SPA welcomed most of the measures in the Bill, particularly the new training obligations being attached to the Location Offset to upskill the sector and an increase in the rebate to 30%.

But it urged a rethink over a proposal to raise the threshold for access to the Location Offset from $15m to $20m.

“Getting the balance right between backing international projects and ensuring audience access to home-grown stories is critical for audiences to experience their own culture and for a sustainable and independent future for all our industry,” he continued.

“We need to recognise that there is a critical interdependence between international work and having a robust Australian industry telling Australian stories. Local is where pretty much everything and everyone gets their start.

“International projects are attracted to film in Australia because of our reputation for quality crew, technical know-how, strong screen-friendly culture, and financial support. Without an independent Australian industry, eventually, our expertise will be hollowed out, making us increasingly less attractive to international projects.

“The one amendment we seek is to retain the threshold for access to the Location Offset at projects sized at $15m rather than $20m so that smaller independent international work has opportunities also to be supported here – which will invariably generate work for smaller local businesses who can use this service work to sustain themselves in between local commissions.”

Tracy Viera of Hoodlum Entertainment agreed, saying, “Whilst we wait for streaming regulation, doing production service work has been a huge opportunity and a lifesaver not just for our business but other producing businesses that have typically been Australian production companies.”

She continued, “The decision to increase the threshold from $15m to $20m is going to have a negative, unintended consequence on businesses like ours that have been able to do the service work.

“Firstly, the US big studio films don’t need companies like ours. They have the US executives and they hire the best local crews. But the small independent offshore films that utilise Australian companies to do the service work, operate in the budget area of $15m to $17m. This is important for us and it’s become critical to our business. It helps us have a sustainable business between the peaks and troughs of Australian content. But it’s also opened the doors for businesses like ours to take our Australian films globally through the relationships we’ve developed in those production service jobs.

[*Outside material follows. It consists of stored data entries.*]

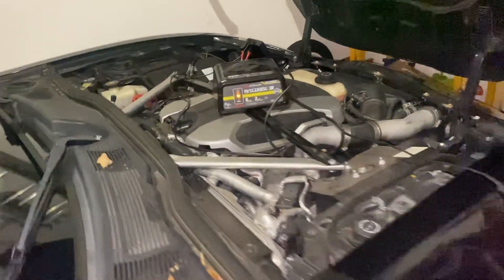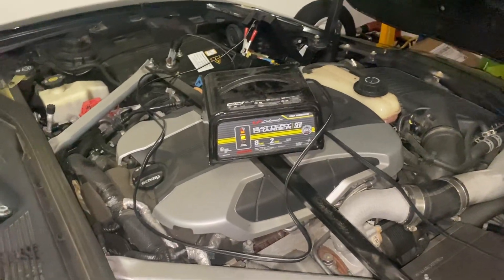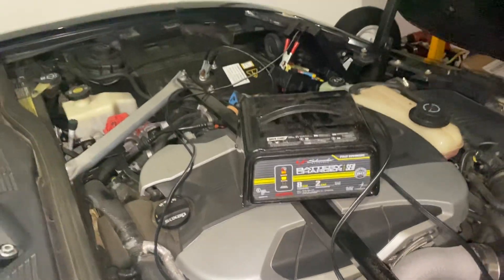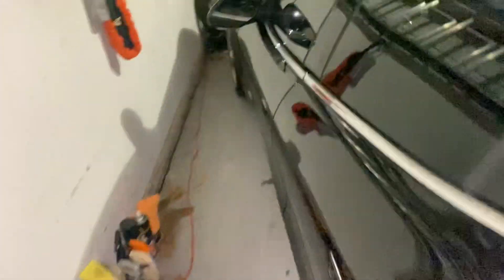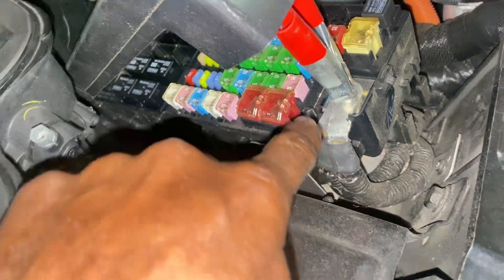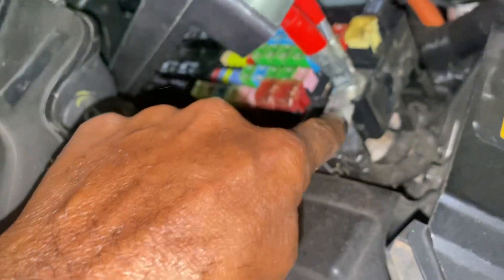This is a video on how to charge the regular starting battery — the engine battery — on the Fisker Karma. There's only one area where you connect the positive, and that's here under this fuse box lid. You lift it and right here on this terminal you put your positive. You do that also when you jumpstart it.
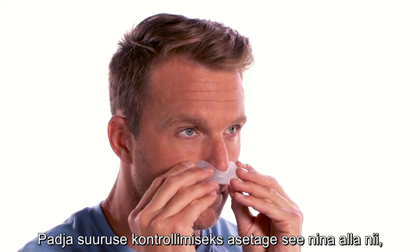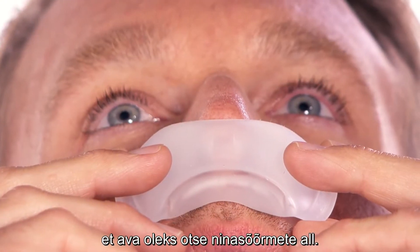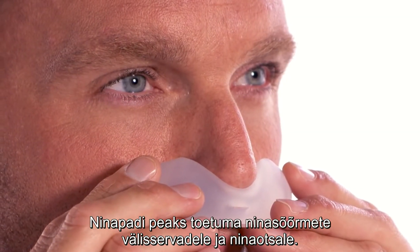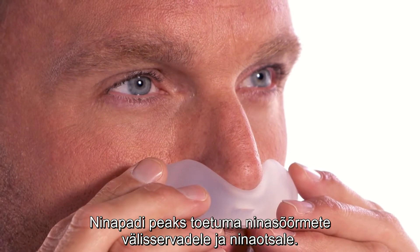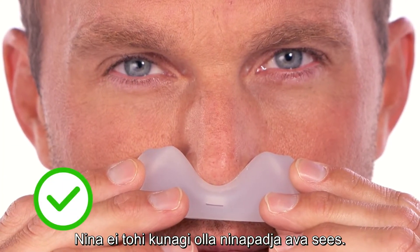To check the cushion size, position the cushion under your nose so that the openings are directly beneath your nostrils. The cushion should rest on the outer edge of your nostrils and the tip of your nose. Your nose should not be inside the cushion opening at any time.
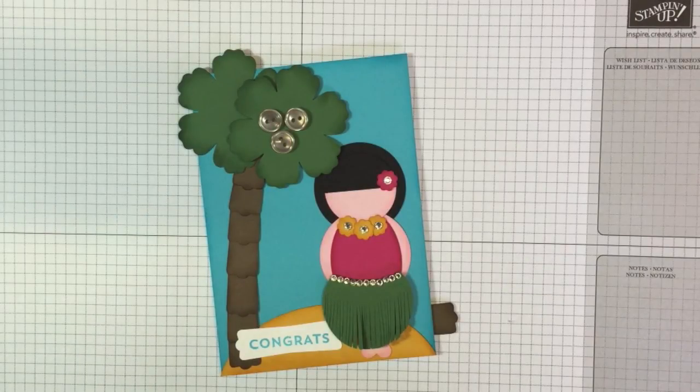Hi everyone, it's Elisa Tilsner, and I hope you're enjoying our blog hop with our theme of Hawaiian for those who have earned the incentive trip for Stampin Up.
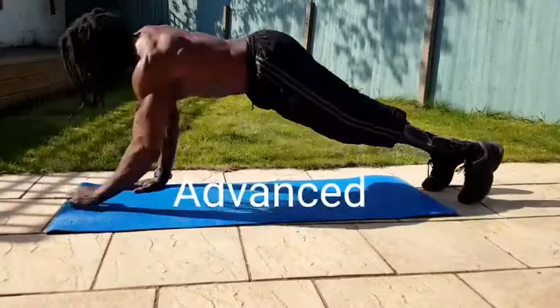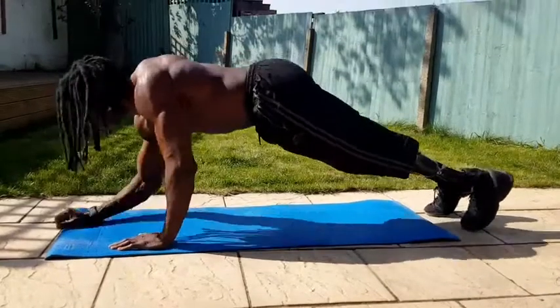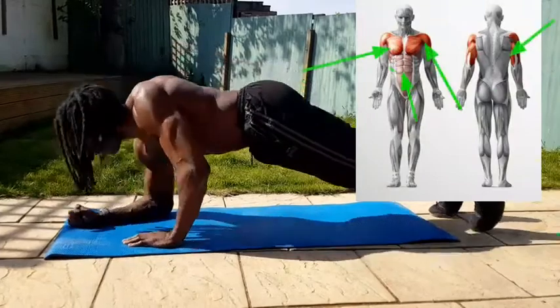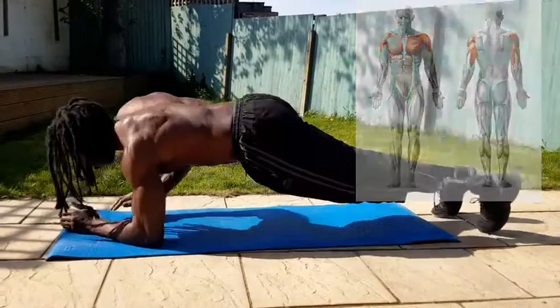Plank versus triceps — this is a great exercise that works the core and, as the name says, the triceps as well. You need to have your abs nice and tight, with the TVA activated.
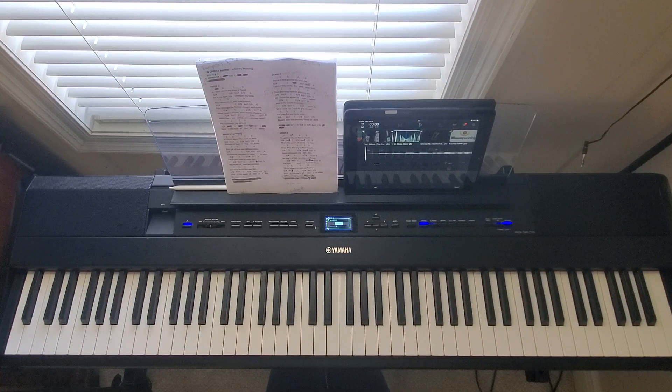Hey guys, today I'm going to teach you how to play this song called 'In Christ Alone.' I'm going to play this song in the key of G and transpose negative three, so it's going to be in E. This song is going to be a mixture of the Lifeway Worship version and the Passion version. I'm going to start with the intro and just go ahead and play that.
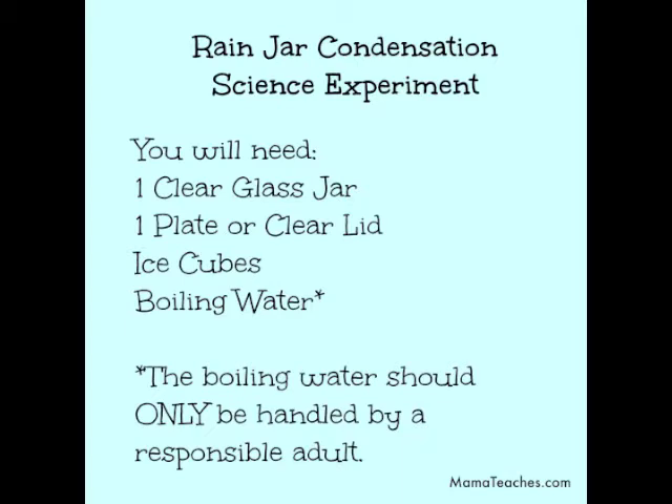Hi science sleuths! Today we're going to make a rain jar condensation science experiment.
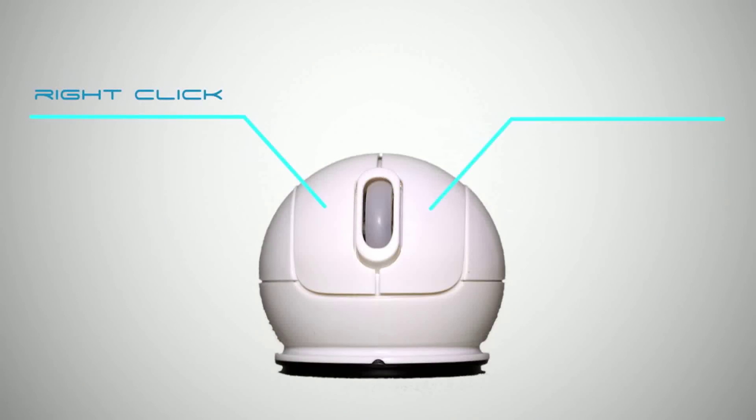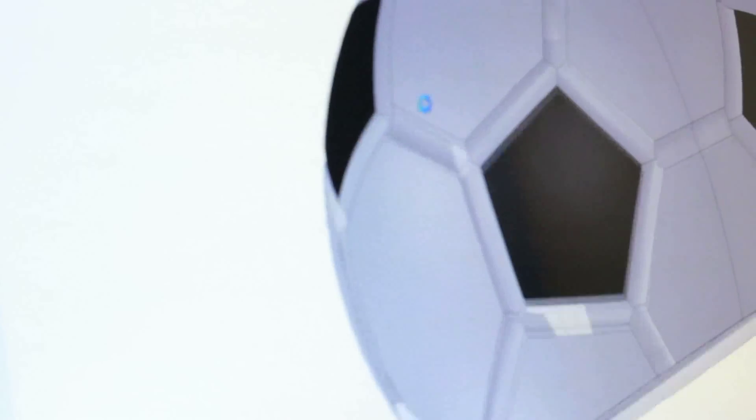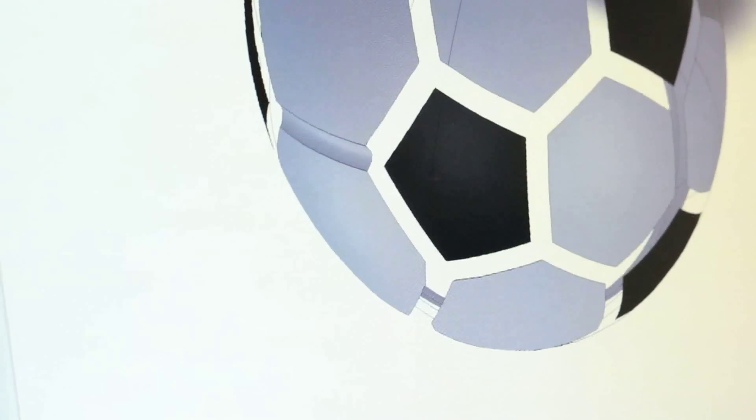Another great thing about the sports mouse is that it's got 1200 DPI. What that means is that any slight movement is going to read on this mouse. So if you're needing precision movements on the computer — whether you're editing, graphic design, or even gaming — the sports mouse has got exactly what you need with 1200 DPI.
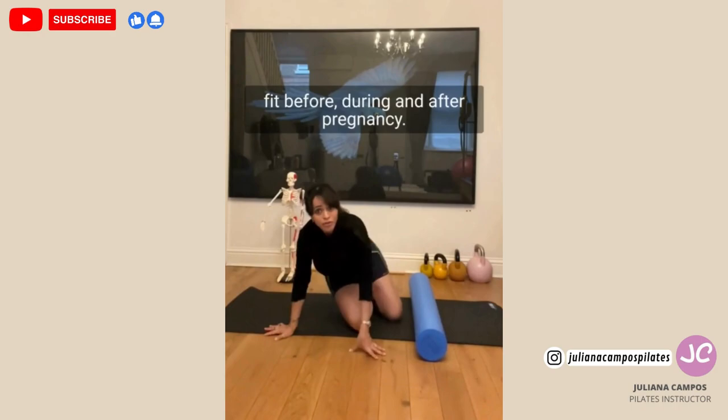Believe me, it's very important to keep fit before, during, and after pregnancy. I hope you have a great day.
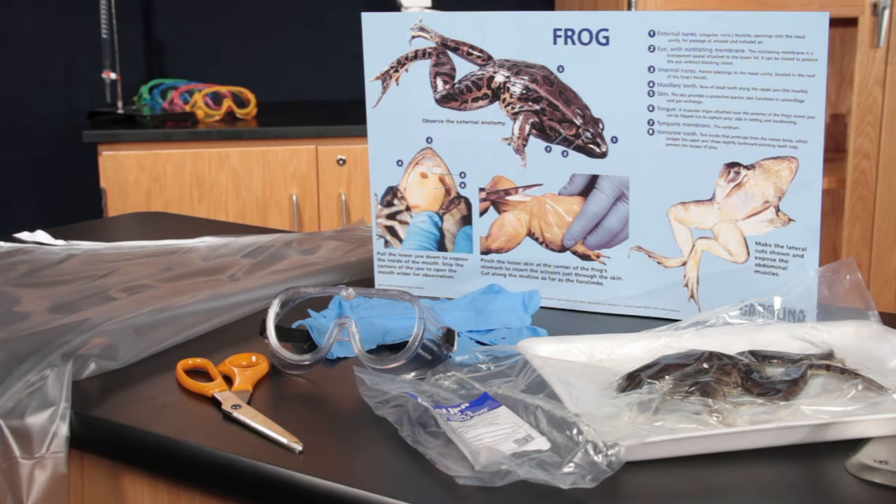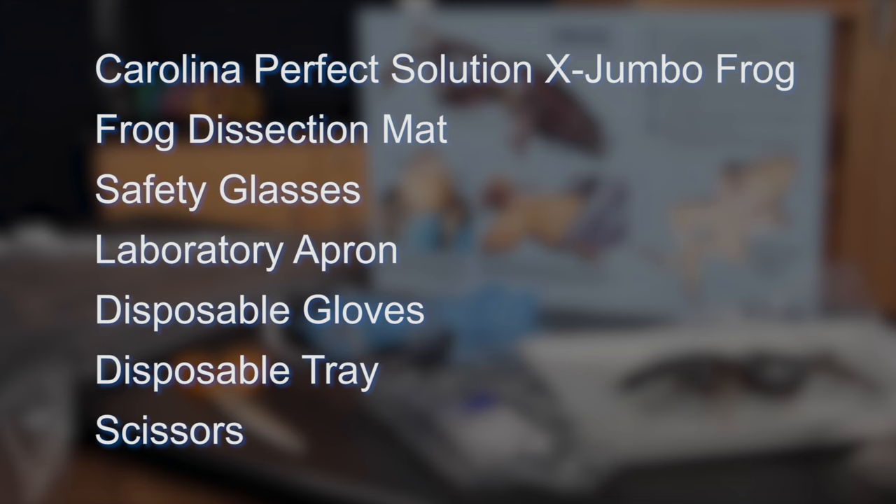For the Carolina Perfect Solution Frog Dissection, you will need Carolina's Perfect Solution Extra Jumbo Frog, Frog Dissection Mat, Adjustable Safety Glasses, Laboratory Apron, Disposable Gloves, and Disposable Tray.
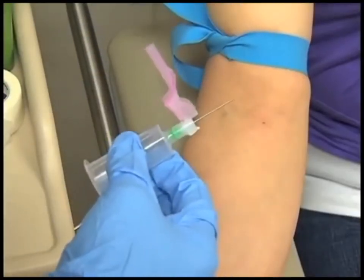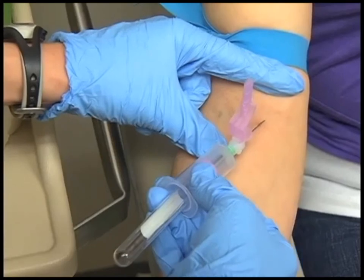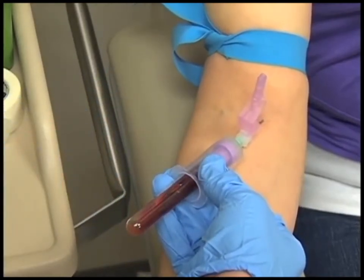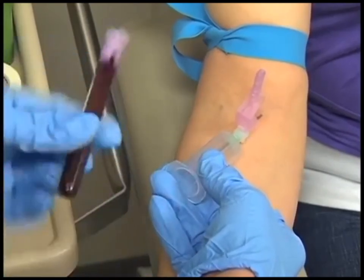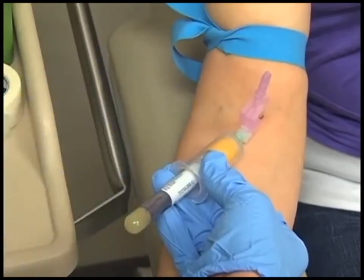Anchor the vein. Inspect your needle. Position the needle at a 15 degree angle to the arm and rest the backs of the fingers on the patient's forearm. Ensure that the needle points in the same direction as the vein to be entered, with the bevel of the needle pointed up. Tell the patient that he or she will feel a small stick, and with one continuous steady motion enter the skin and then the vein. You may feel a sensation of resistance followed by a release as the vein is entered. When the release is felt, you have entered the vein and should not advance the needle any further.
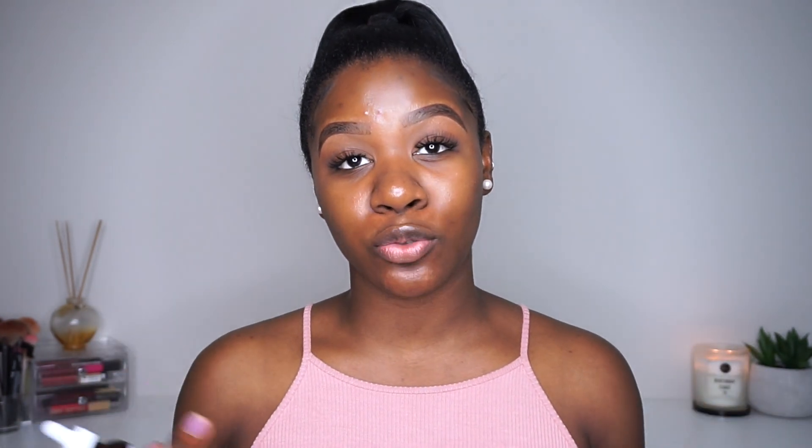The first thing I do is prep my skin with skincare. I use these two right here — I cannot start my foundation without them. This is a hyaluronic serum from Advanced Clinicals, and I also use the Clinique Dramatically Different Moisturizing Gel. These two are bomb for skin prep, that's why my skin looks really shiny and healthy right now. I do have a few breakouts, so bear with me. That's the first key step when it comes to foundation.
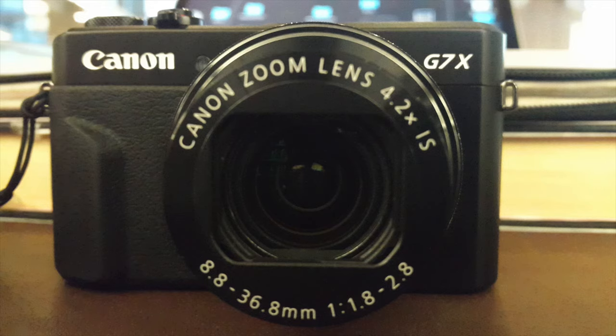Hey guys, this is Dan from The New Travel. A few weeks ago I made my first ever camera review video and it was pretty popular — it's one of my most watched videos. Because of that, I decided to make another review video, this time about my favorite vlogging camera ever: the Canon G7X Mark II.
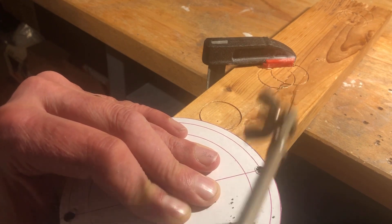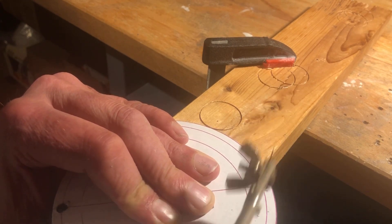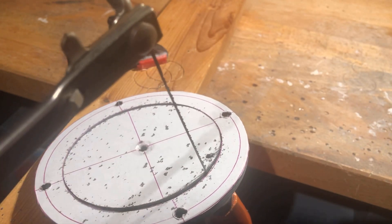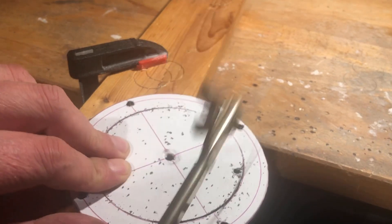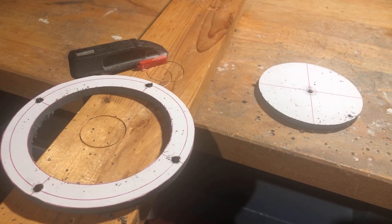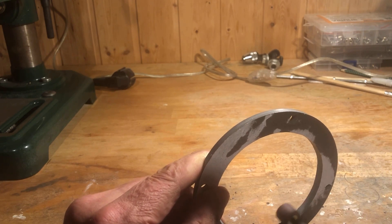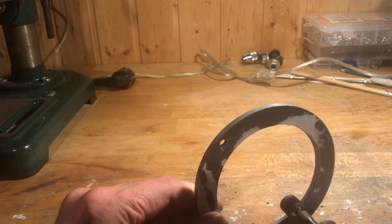For the cutout, which corresponds to the outer diameter of the chamber, a fretsaw is used. I like to use PVC because it is very easy to machine. Using a Dremel, the cutting surface was then sanded.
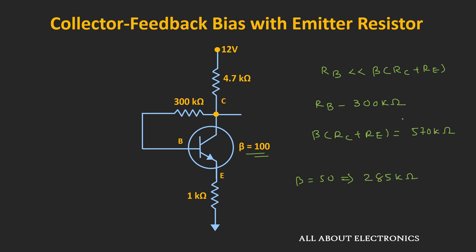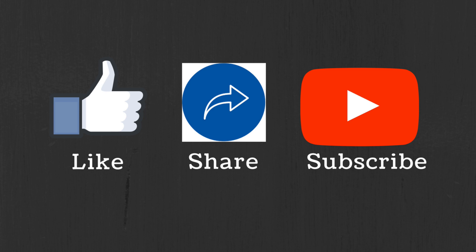In the next couple of videos, we will talk more about stability. I hope in this video you understood the collector feedback biasing configuration of the BJT. If you have any questions or suggestions, let me know in the comment section below. If you liked this video, hit the like button and subscribe to the channel for more such videos.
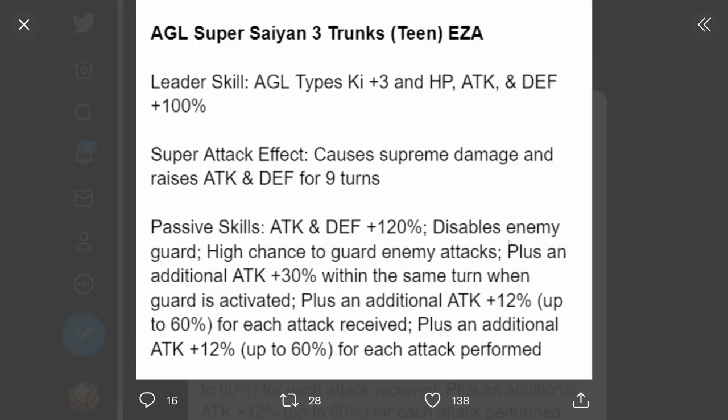And the AGL Super Saiyan 3 Teen Trunks EZA. Leader skill AGL types Ki plus 3, HP attack and defense plus 100%. Super attack causes supreme damage and raises attack and defense for 9 turns. Passive: attack and defense plus 120%, disables enemy's guard, high chance to guard enemy attacks, plus an additional attack plus 30% within the same turn when guard is activated, plus an additional attack plus 12% up to 60% for each attack received, plus an additional attack plus 12% up to 60% for each attack performed. He's still a defensive monster, but now they gave him a lot more offensive capabilities - his damage should be quite respectable now.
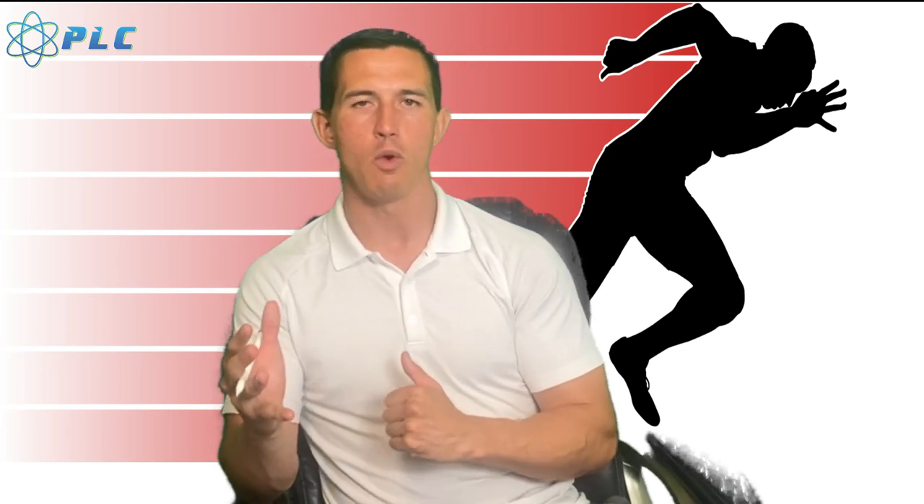I'd say 90% of people who aren't getting to a sub-4 or sub-5 are just not optimizing their drive phase to get into the top-end speed their body can actually create. You have the right amount of strength and power — you just don't know how to apply it to your top-end speed, your 40, your 60, your 100, whatever it may be. Understanding your body mechanics, identifying weaknesses, and applying that to your sprinting will be the most important thing to help you run faster.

“The threshold increase also doesn’t consider what happens when the Australian dollar gets stronger. It will become harder to achieve, particularly for those independent films. We urge you to consider maintaining the current threshold in consideration of how this piece of legislation for offshore projects can continue to bring benefits to local businesses in ways that will help us have sustainable businesses.”

2 Responses

  1. If SPA were serious they’d be pressuring the government to reinstate proper quotas on the FTAs rather than this very odd points system we’ve got instead. Mandating 50 or 100 hours of scripted Australian content on to 7, 9 and 10 would see a much bigger investment in this space than trying to force OS streamers to pick up the ball that FTA so eagerly dropped. Everyone wants to see more money spent, and more risks taken on Aussie scripted content, and there is more than one path to get this, but unfortunately SPA don’t seem to see it.

  2. International productions are attracted here by 30-40% production subsidies, a 30% location subsidy specifically designed to move productions here and subsidies from arts body, and of course the sunshine.

    Imposing quotas won’t make many Australian stories. Foxtel was subject to 10% quota and has since spent precisely 10.0% of their revenue on low budget local productions. Mr Inbetween’s sale to the US and High Country’s sale to the BBC are their major overseas successes. They may never get a wider airing to Australians on FTA.

    The Australian dollar is so weak that the US, Canada and Europe are buying up all of our economy including any production company that makes a hit, the few that aren’t already foreign owned and controlled anyway.